ベニー・グリーン「Back On The Scene」 1958年3月、ブルーノートでの初リーダー作。 参加メンバーは、チャーリー・ラウズ(ts)、ジョー・ナイト(p) ジョージ・タッカー(b)、ルイス・ヘイズ(ds) グリーンのトロンボーンとラウズのテナーは、どこか似ているような気がする。 楽器は違うが、温かみのあるどこか朴訥としたスタイルがそう感じさせるのかもしれない。

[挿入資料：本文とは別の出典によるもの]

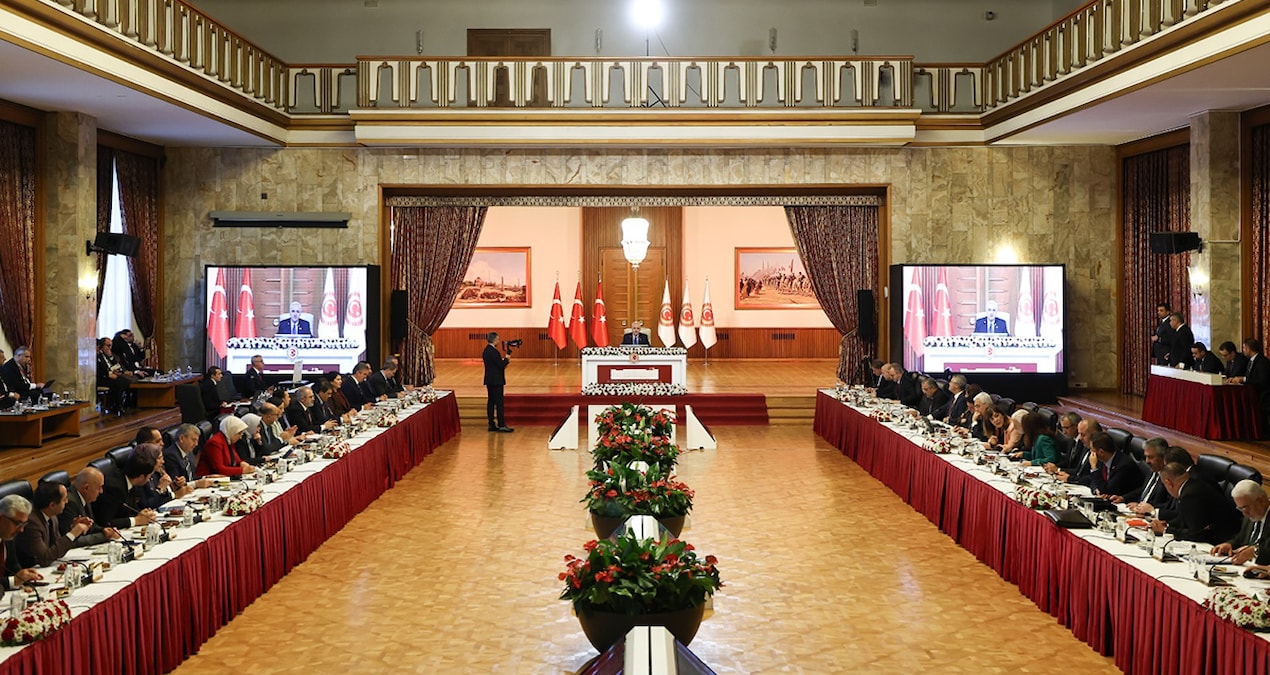 Sıcak Gündem: Komisyon bugün toplanıyor: Rapor taslağı görüşülecek - En Son Haber | İşte Tüm Ayrıntılar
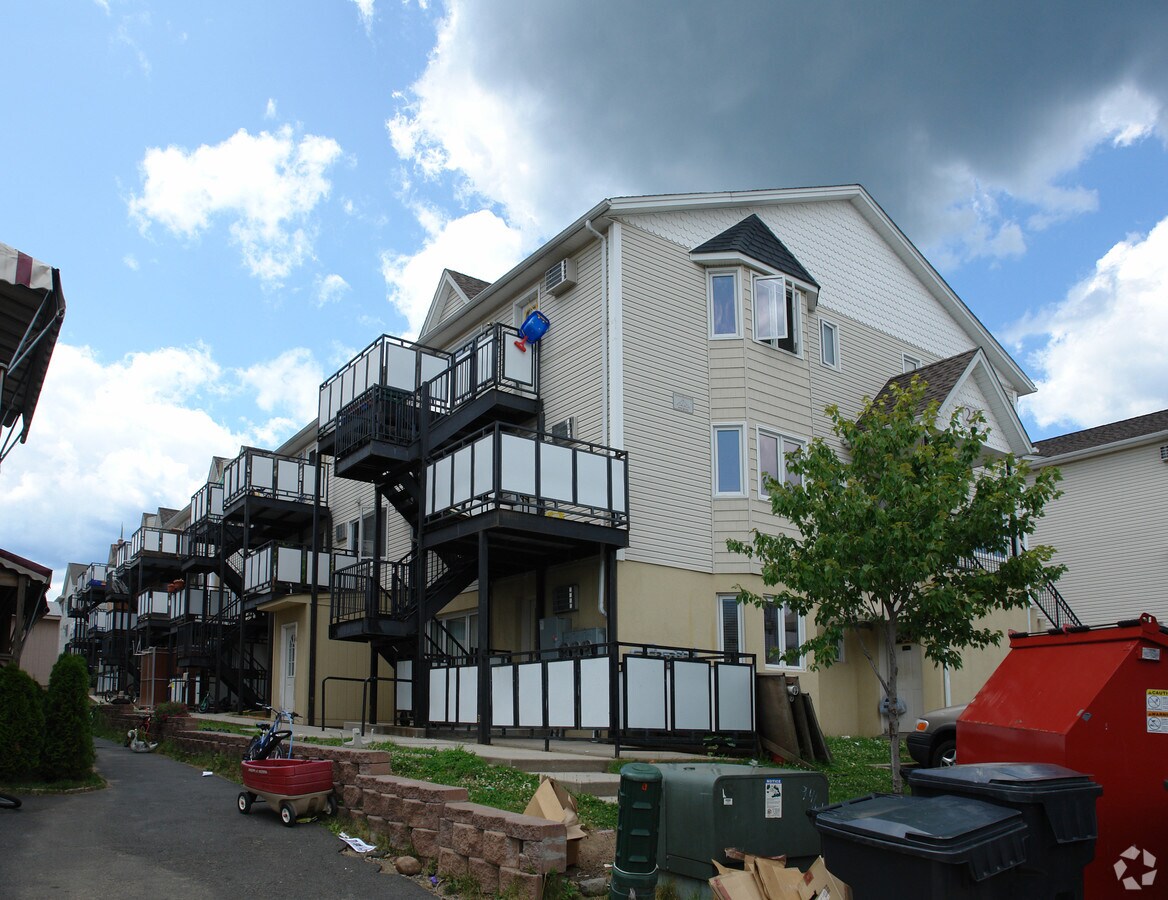 Spring Valley Apartments - Spring Valley Apartments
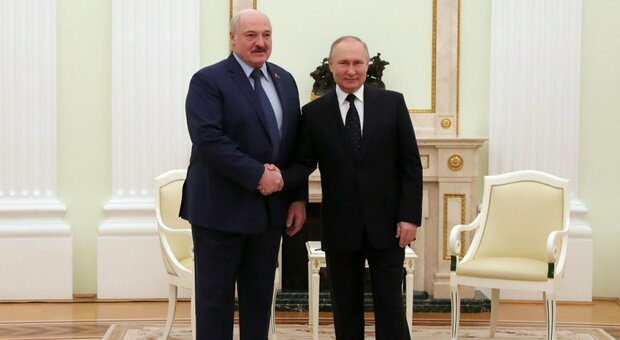 Perché la Bielorussia è così importante per Putin? Il pretesto per entrare in guerra e il rischio di invasione: con Kiev è scontro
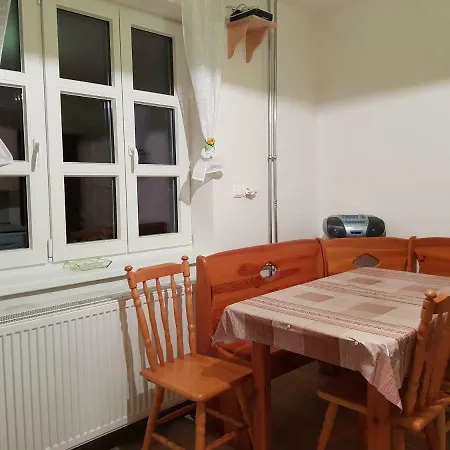 Semesterbostad Drevenica Spanka *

GERRY MULLIGANの「NIGHT LIGHTS」 先回とりあげた「WHAT IS THERE TO SAY」の2年前1963年録音。 先回のカルテットにジム・ホール(g)、ボブ・ブルックマイヤー(tb)他が加わってる。 マリガンではおそらく一番の(?)人気盤でしょう。 多くの人を引きつけているのは、バリトン、ペット、トロンボーンのおりなすミディアム・スローテンポな体に染み渡る演奏にあると思います。夜の静けさの中をあたかも何かの主人公になってさまよい歩いている…そんな光景を想像してしまいます。 全体を通してマイナーでリラグゼーションの要素が強い演奏で、アドリブな演奏を期待している諸氏には物足りないアルバムかもしれませんが、マリガンがピアノもクラリネットも…とその多才振りを発揮しているのも聞きものです。 ジャケットも今の都会の夜景と見まちがえるほど、センスにあふれまた曲の内容に合った素晴らしいジャケです。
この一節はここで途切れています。